About this exercise >> When copying the data below, keep only the lines from the one with "Porsche 718 Boxster" through the one with "Strike Industries Mass", word for word, and skip the pictures.

Source data >>

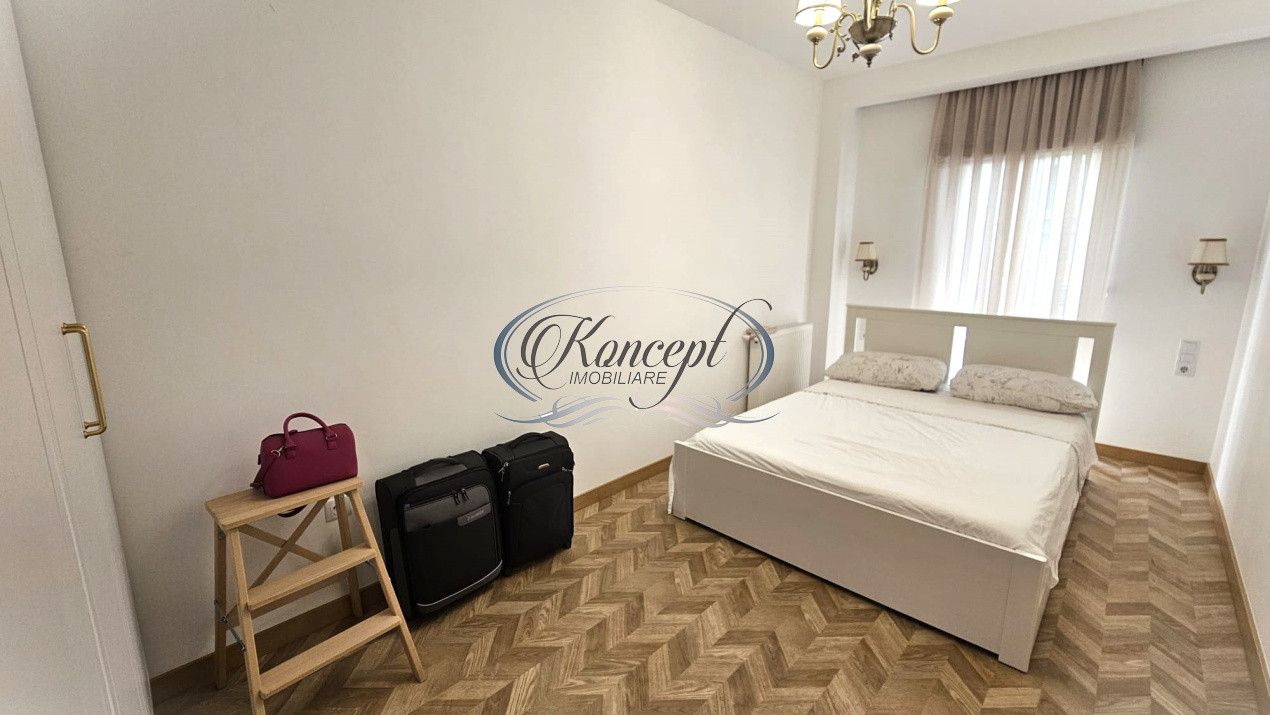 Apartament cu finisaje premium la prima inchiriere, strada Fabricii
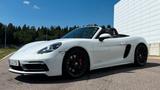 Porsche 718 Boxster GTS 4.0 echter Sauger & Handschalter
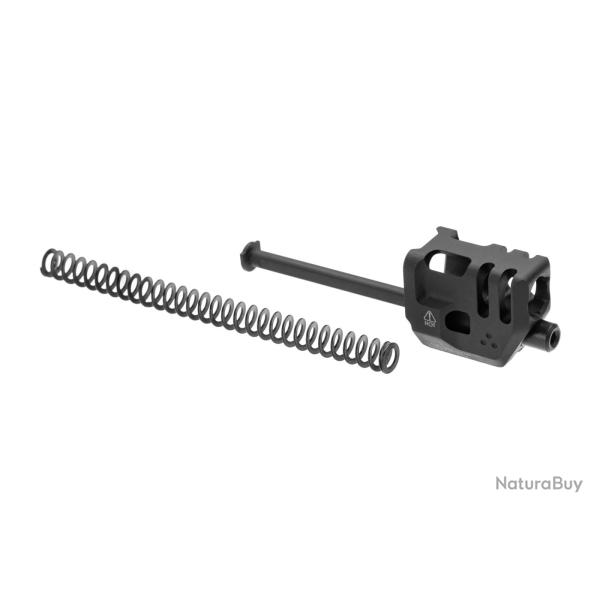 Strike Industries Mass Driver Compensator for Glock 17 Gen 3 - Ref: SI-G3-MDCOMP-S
--
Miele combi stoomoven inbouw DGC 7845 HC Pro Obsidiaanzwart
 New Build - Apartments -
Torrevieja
==
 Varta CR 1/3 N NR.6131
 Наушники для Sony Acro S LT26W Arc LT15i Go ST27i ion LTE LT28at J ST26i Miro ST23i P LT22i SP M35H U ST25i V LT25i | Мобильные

Answer section >>
 Porsche 718 Boxster GTS 4.0 echter Sauger & Handschalter
 Strike Industries Mass Driver Compensator for Glock 17 Gen 3 - Ref: SI-G3-MDCOMP-S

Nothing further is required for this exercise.